WORK TASK » Can you copy out the data exactly? Leave the images out.

(DATASET CONTENT Opens)

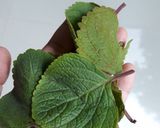 Foto langkah ke 1 dari resep Bobor daun bangun bangun (booster ASI).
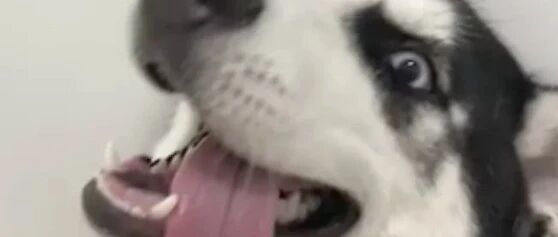 哈士奇拆家把77岁奶奶气到住院，网友在线支招：快起锅烧油！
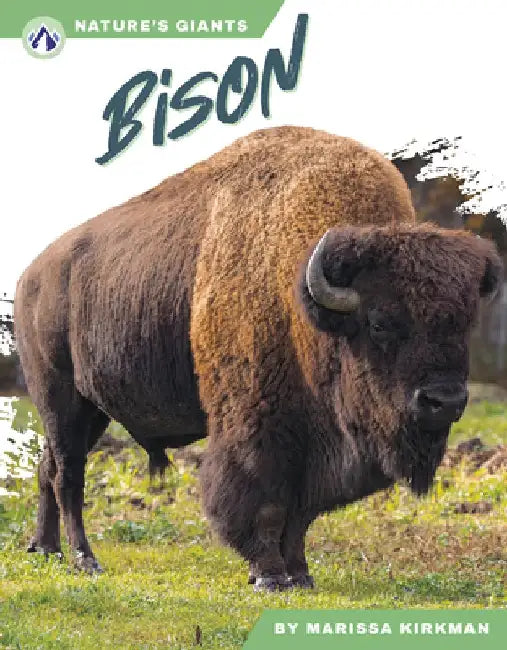 Bison by Marissa Kirkman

(DATASET CONTENT Closes)

WRITTEN ANSWER »
 Foto langkah ke 1 dari resep Bobor daun bangun bangun (booster ASI).
 哈士奇拆家把77岁奶奶气到住院，网友在线支招：快起锅烧油！
 Bison by Marissa Kirkman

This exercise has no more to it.